*DATA BLOCK:*
-----

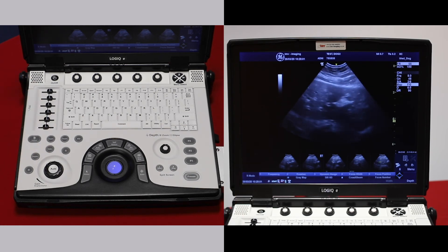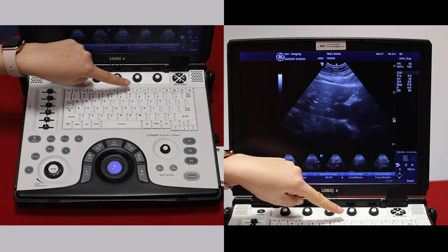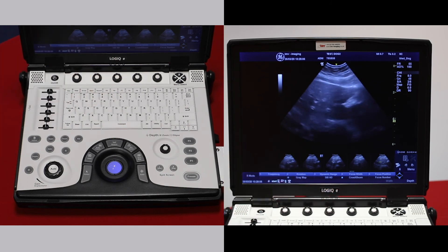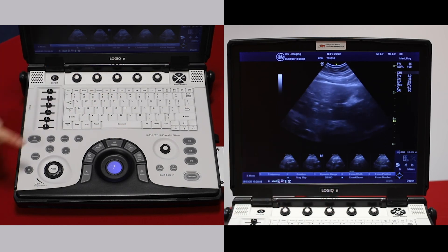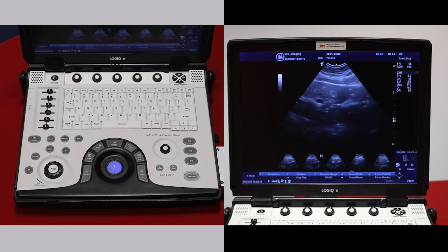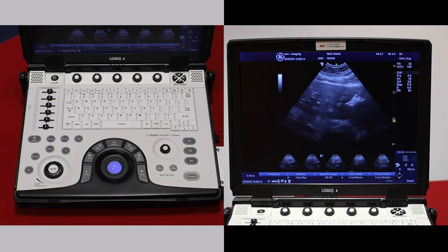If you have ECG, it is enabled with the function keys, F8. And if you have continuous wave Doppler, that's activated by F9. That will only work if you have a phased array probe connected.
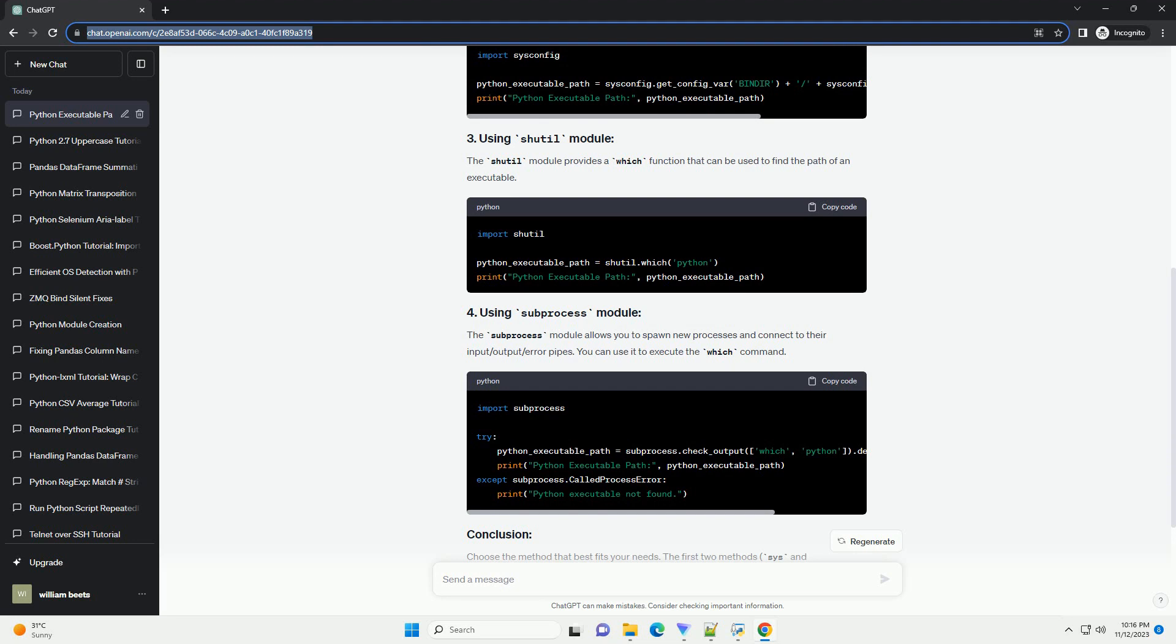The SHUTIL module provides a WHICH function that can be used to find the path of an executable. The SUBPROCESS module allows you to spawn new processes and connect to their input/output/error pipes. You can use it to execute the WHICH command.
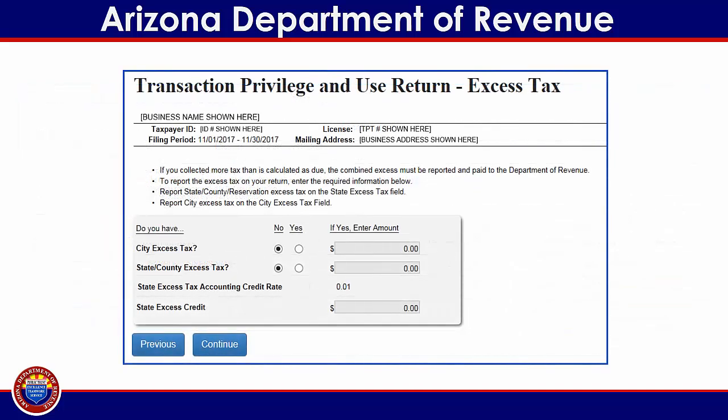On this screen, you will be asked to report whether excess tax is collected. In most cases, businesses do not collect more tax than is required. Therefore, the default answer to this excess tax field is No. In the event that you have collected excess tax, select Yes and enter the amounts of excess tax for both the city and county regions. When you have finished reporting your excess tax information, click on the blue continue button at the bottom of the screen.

-----

*TASK TO CARRY OUT:* Leave out the pictures, and write out all the remaining data above exactly.

*RESULT OF THE TASK:*
If you have ECG, it is enabled with the function keys, F8. And if you have continuous wave Doppler, that's activated by F9. That will only work if you have a phased array probe connected.
The SHUTIL module provides a WHICH function that can be used to find the path of an executable. The SUBPROCESS module allows you to spawn new processes and connect to their input/output/error pipes. You can use it to execute the WHICH command.
On this screen, you will be asked to report whether excess tax is collected. In most cases, businesses do not collect more tax than is required. Therefore, the default answer to this excess tax field is No. In the event that you have collected excess tax, select Yes and enter the amounts of excess tax for both the city and county regions. When you have finished reporting your excess tax information, click on the blue continue button at the bottom of the screen.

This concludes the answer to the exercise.